M0THER

Overview

Inspired by games like Lemmings and Portal, M0THER will have you watchfully guiding adorable little critters by giving them crazy abilities! Guide your idiot children through the death maze of the testing facility! The subjects make up for idiocy in cuteness.. But that does not generally do much for them when getting shredded.

Technical Breakdown

Main Menu

Despite being a core feature in every game, we decided not to spend too much time on the main menu until the very end of the project. It was at that point that we decided we should have an interactive 3D main menu. I decided to take on the challenge of creating it since I had already been working on a lot of features involving raycasts, such as the cameras and traps.

So how did I go about making the main menu? I reused some of my previous camera code and placed it into our temporary main menu. We already had a 3D scene with several screens, so I just needed to give them collision shapes and make sure my raycast from the camera in the main menu scene was looking for that collision layer. Once that was done, I had to find a way to work with the materials on the screens so they could go from being a black screen with some orange text to actually showing the levels.

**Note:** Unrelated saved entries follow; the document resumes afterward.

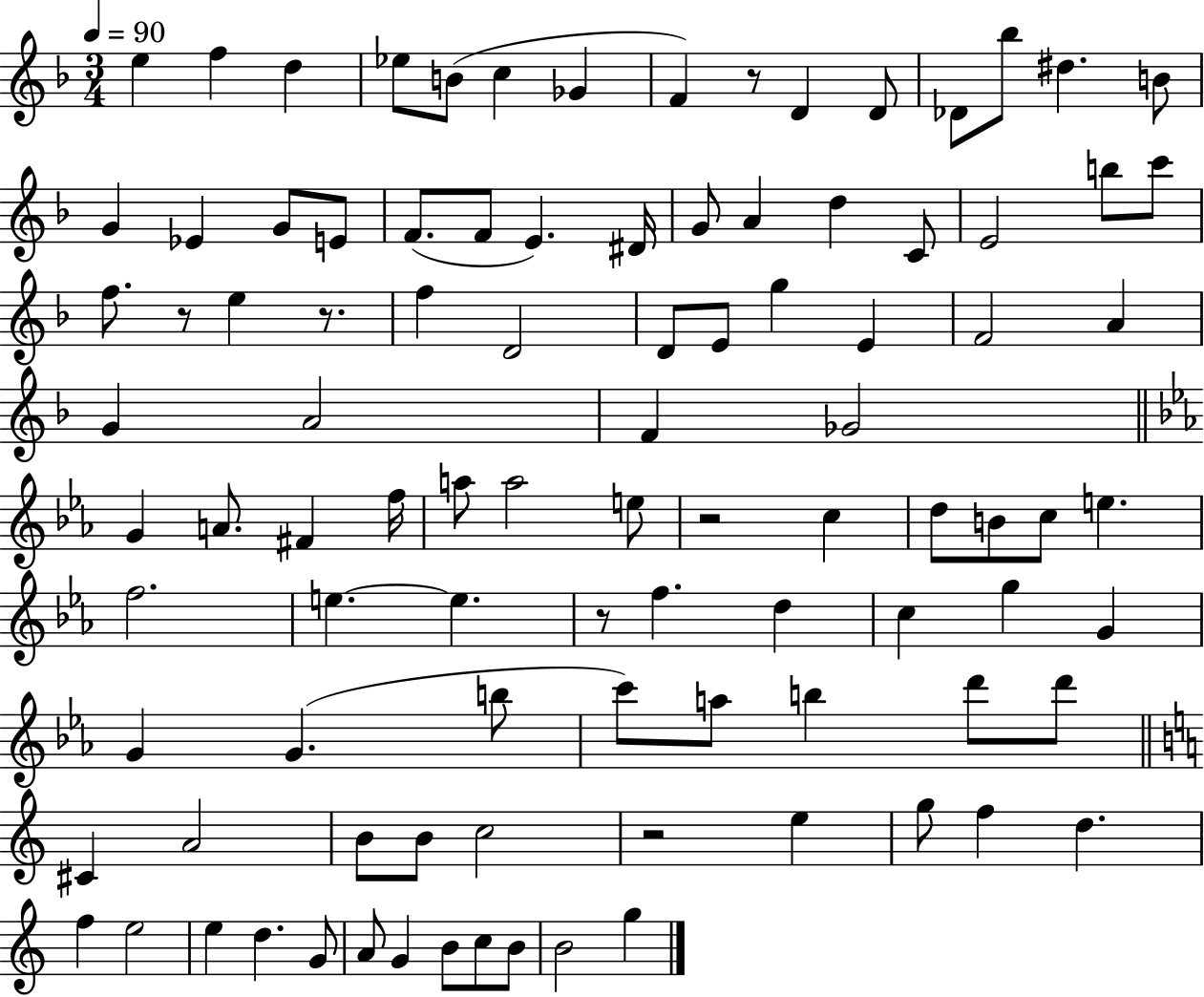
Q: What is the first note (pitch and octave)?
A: E5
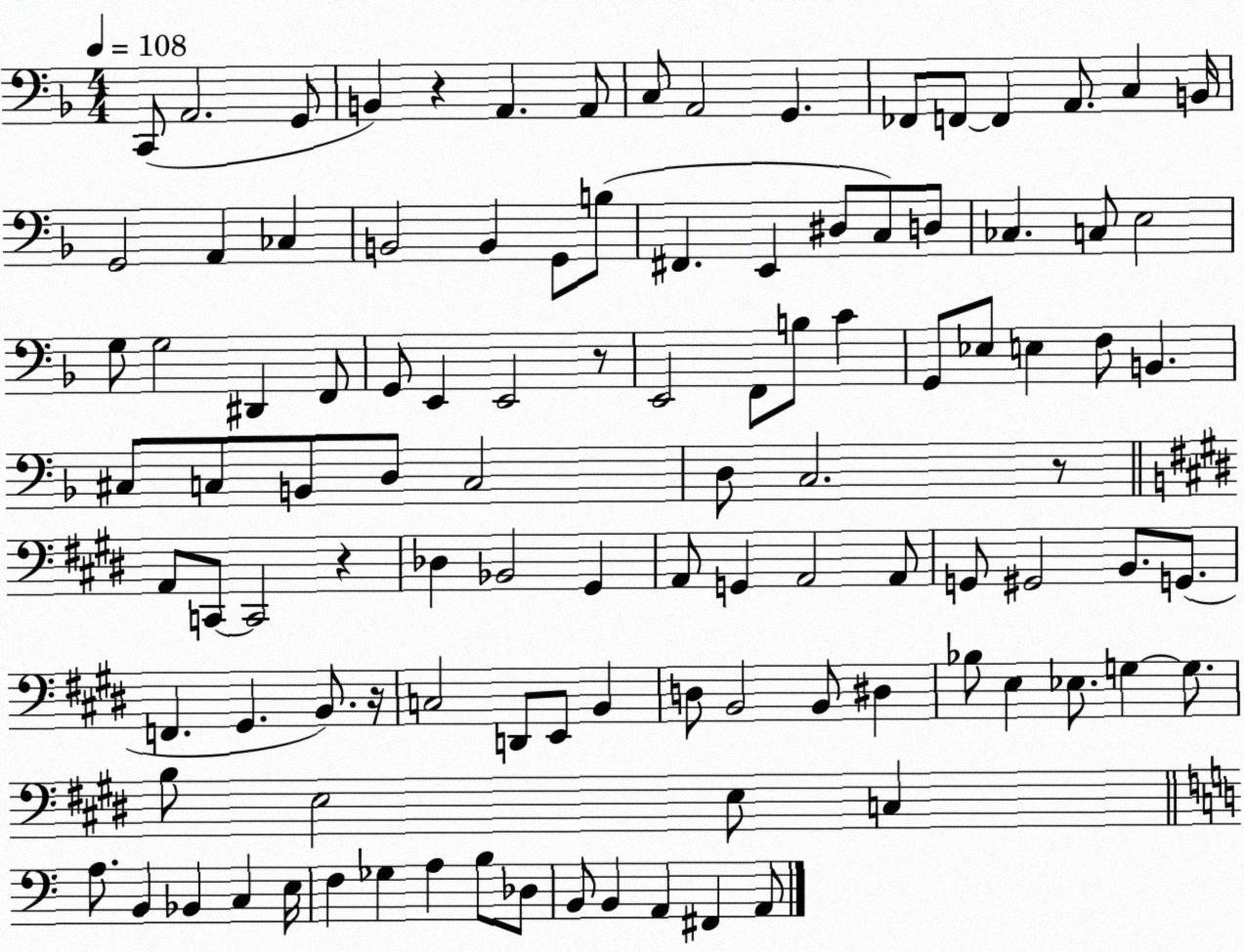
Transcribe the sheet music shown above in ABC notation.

X:1
T:Untitled
M:4/4
L:1/4
K:F
C,,/2 A,,2 G,,/2 B,, z A,, A,,/2 C,/2 A,,2 G,, _F,,/2 F,,/2 F,, A,,/2 C, B,,/4 G,,2 A,, _C, B,,2 B,, G,,/2 B,/2 ^F,, E,, ^D,/2 C,/2 D,/2 _C, C,/2 E,2 G,/2 G,2 ^D,, F,,/2 G,,/2 E,, E,,2 z/2 E,,2 F,,/2 B,/2 C G,,/2 _E,/2 E, F,/2 B,, ^C,/2 C,/2 B,,/2 D,/2 C,2 D,/2 C,2 z/2 A,,/2 C,,/2 C,,2 z _D, _B,,2 ^G,, A,,/2 G,, A,,2 A,,/2 G,,/2 ^G,,2 B,,/2 G,,/2 F,, ^G,, B,,/2 z/4 C,2 D,,/2 E,,/2 B,, D,/2 B,,2 B,,/2 ^D, _B,/2 E, _E,/2 G, G,/2 B,/2 E,2 E,/2 C, A,/2 B,, _B,, C, E,/4 F, _G, A, B,/2 _D,/2 B,,/2 B,, A,, ^F,, A,,/2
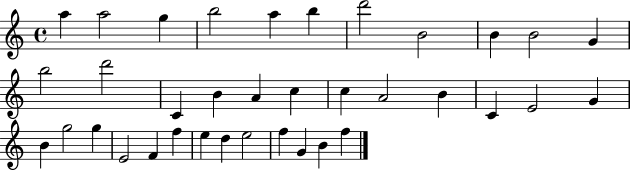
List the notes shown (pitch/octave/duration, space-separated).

A5/q A5/h G5/q B5/h A5/q B5/q D6/h B4/h B4/q B4/h G4/q B5/h D6/h C4/q B4/q A4/q C5/q C5/q A4/h B4/q C4/q E4/h G4/q B4/q G5/h G5/q E4/h F4/q F5/q E5/q D5/q E5/h F5/q G4/q B4/q F5/q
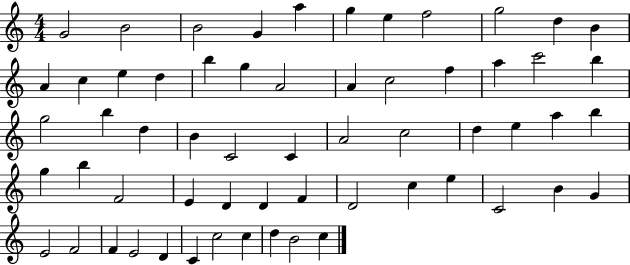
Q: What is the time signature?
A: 4/4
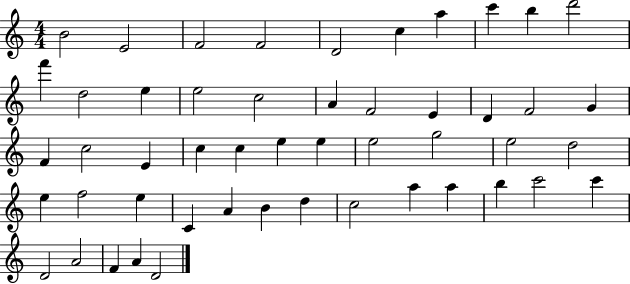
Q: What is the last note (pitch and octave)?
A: D4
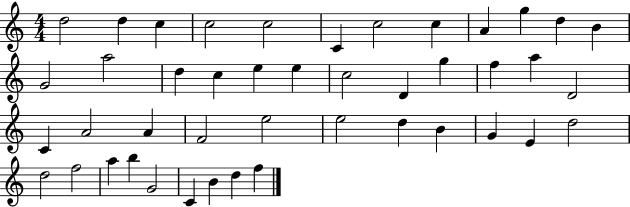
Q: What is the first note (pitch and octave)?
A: D5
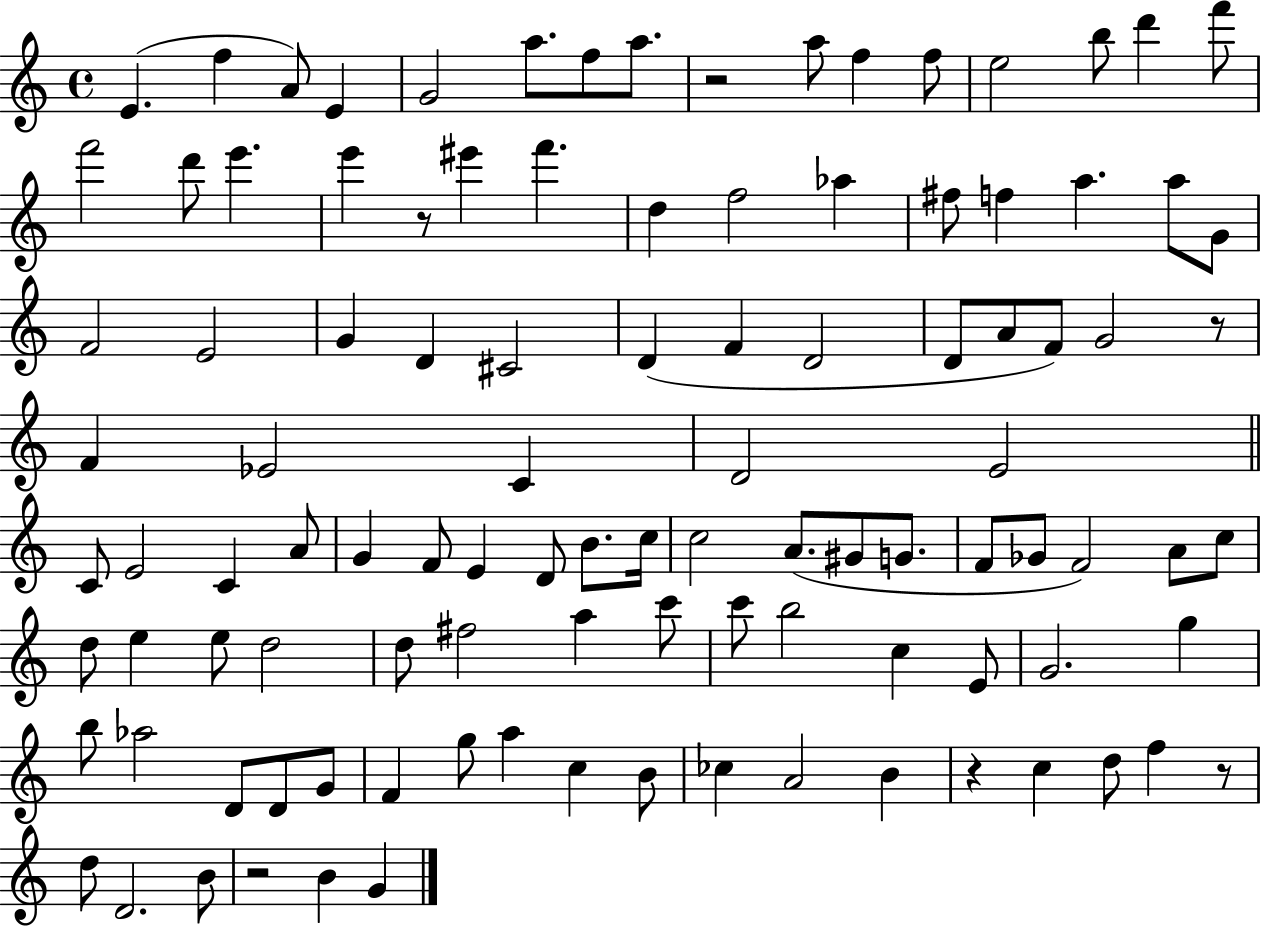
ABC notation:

X:1
T:Untitled
M:4/4
L:1/4
K:C
E f A/2 E G2 a/2 f/2 a/2 z2 a/2 f f/2 e2 b/2 d' f'/2 f'2 d'/2 e' e' z/2 ^e' f' d f2 _a ^f/2 f a a/2 G/2 F2 E2 G D ^C2 D F D2 D/2 A/2 F/2 G2 z/2 F _E2 C D2 E2 C/2 E2 C A/2 G F/2 E D/2 B/2 c/4 c2 A/2 ^G/2 G/2 F/2 _G/2 F2 A/2 c/2 d/2 e e/2 d2 d/2 ^f2 a c'/2 c'/2 b2 c E/2 G2 g b/2 _a2 D/2 D/2 G/2 F g/2 a c B/2 _c A2 B z c d/2 f z/2 d/2 D2 B/2 z2 B G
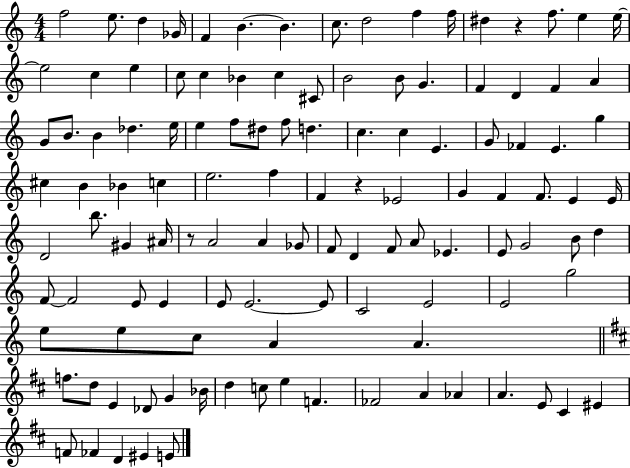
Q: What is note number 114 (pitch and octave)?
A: E4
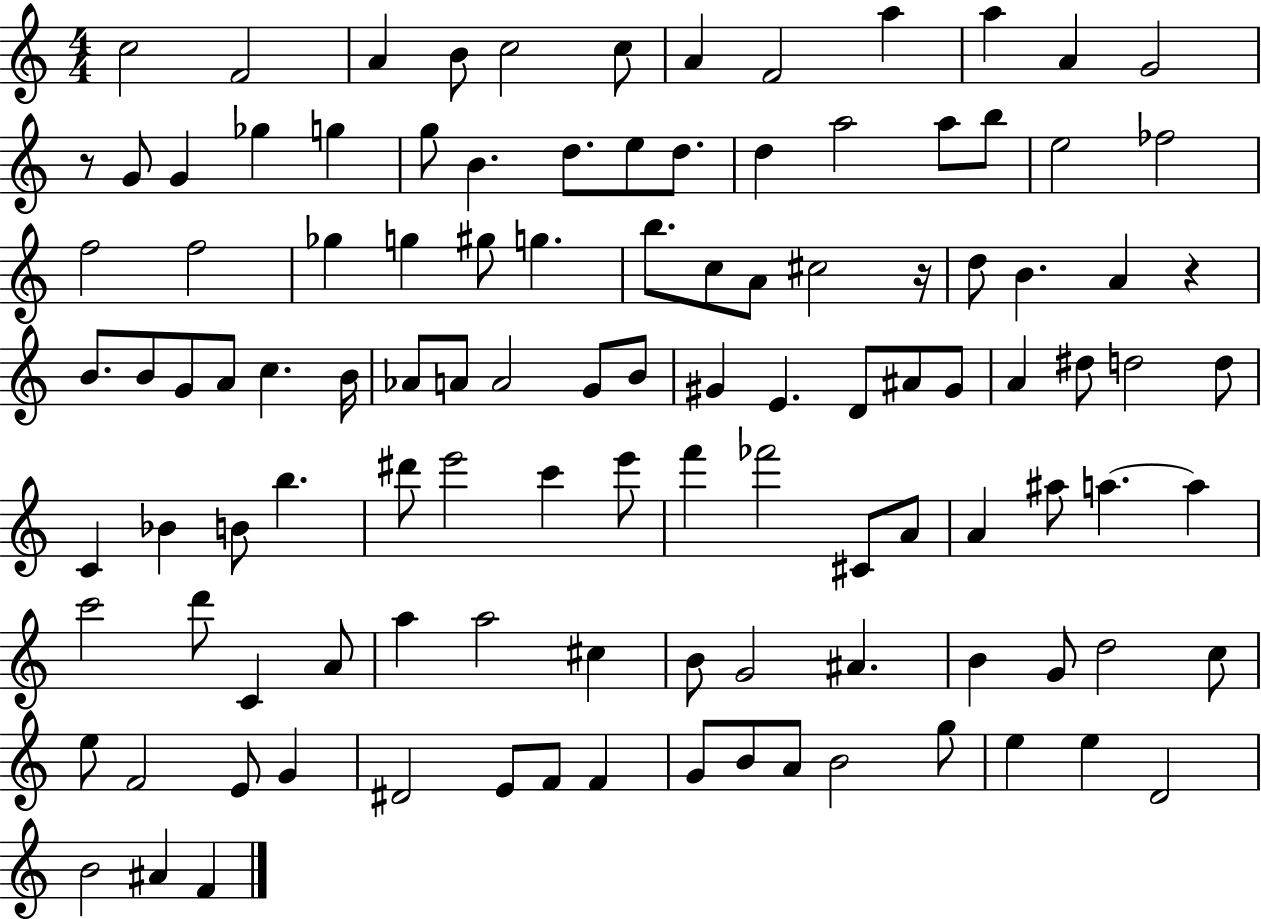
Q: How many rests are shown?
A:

Luckily for me, the artists on the team had set up the TVs with two textures. One of the textures was specifically for the screen, which was exactly what I needed. I took that one and created my own material with a simple PNG of the level, except it had to be rotated 90 degrees due to how the normals on the screen were set up.

Cameras and Traps

When we started the project, I immediately knew what I wanted to work on. That was the camera system, as I had already been in contact with the person who was going to pitch the game and really liked how the camera system worked. Translating his vision of the cameras into Godot felt like a good challenge.
I knew the game was going to have a somewhat “hackery” feeling, with hacking cameras and traps being the main focus, so I started by looking at examples of how different hacker games handle their camera systems.

After that, I created a small blockout level where cameras were positioned behind different obstacles to imitate the walls that would appear in our levels. I experimented with different collision boxes on the cameras so that if a camera was slightly outside of the raycast it could still be detected.

While doing this, I was also told that we should have a transition effect similar to the one used in Watch Dogs when switching between cameras. So I started looking at Godot shaders to find a shader that could meet our needs.

I managed to find a simple shader that detected the edges of objects in the scene and highlighted them with a color. I then modified it so that the shader would also darken the screen while still allowing the highlights to remain visible. Once the visual style of the shader was agreed upon, I began implementing it. I assigned the shader to the cameras and exposed some variables so I could access them through GDScript. I then added a tween that gradually enabled and disabled the shader effect so the transition wouldn't feel instantaneous.

Weeks passed and we kept the camera transition effect mostly the same until one night when another programmer on the team decided to take a look at the transition shader and made a “few” tweaks. While I was initially against the changes, I eventually grew to like them.

Around the same time, I was working on a highlight system for selecting different cameras and traps in the map. I struggled for a while because the camera model consisted of two separate parts, but after experimenting I found a way to affect both. The solution was to modify the camera's cull_mask so that when the player hovered over a camera, another layer would become visible. On that layer we rendered a special shader that displayed the selection highlight.

Modification Wheel

After finishing the camera system, the next task was the selection wheel. This wheel allowed us to avoid binding every modification to a different keyboard key, which would have made controller support more difficult. After discussing it with the team, we decided this was the best approach.

The wheel is used to select which modification to apply to the creatures running around the map. We draw the wheel entirely using Godot's _draw() function because it allows us to limit how often it needs to update. Instead of constantly checking every frame, we only redraw when something changes.

For example, if we add an arrow or move the cursor over a different segment of the wheel, we call queue_redraw(). This redraws the UI only when needed and places the icons and indicators in the correct position. It turned out to be a very performant way of handling the system, and I'm glad I discovered it early in development.

What I Learned

Working on M0THER taught me a lot about building gameplay systems that combine technical implementation with user experience. Developing the camera system required careful use of raycasts, collision layers, and camera logic to ensure players could reliably select cameras and traps even when objects were partially obscured by level geometry.

I also gained experience working with shaders and integrating them into gameplay systems. By modifying a shader and exposing parameters to GDScript, I was able to create a smooth transition effect when switching between cameras. This process helped me better understand how rendering effects and gameplay code can work together to improve visual feedback.

Another key takeaway was the importance of building flexible UI systems. Implementing the modification wheel using Godot's _draw() function allowed the UI to update only when necessary, which made the system both efficient and easy to expand with additional abilities later in development.

Overall, this project improved my ability to prototype systems quickly, iterate based on team feedback, and balance technical solutions with the needs of game design and usability.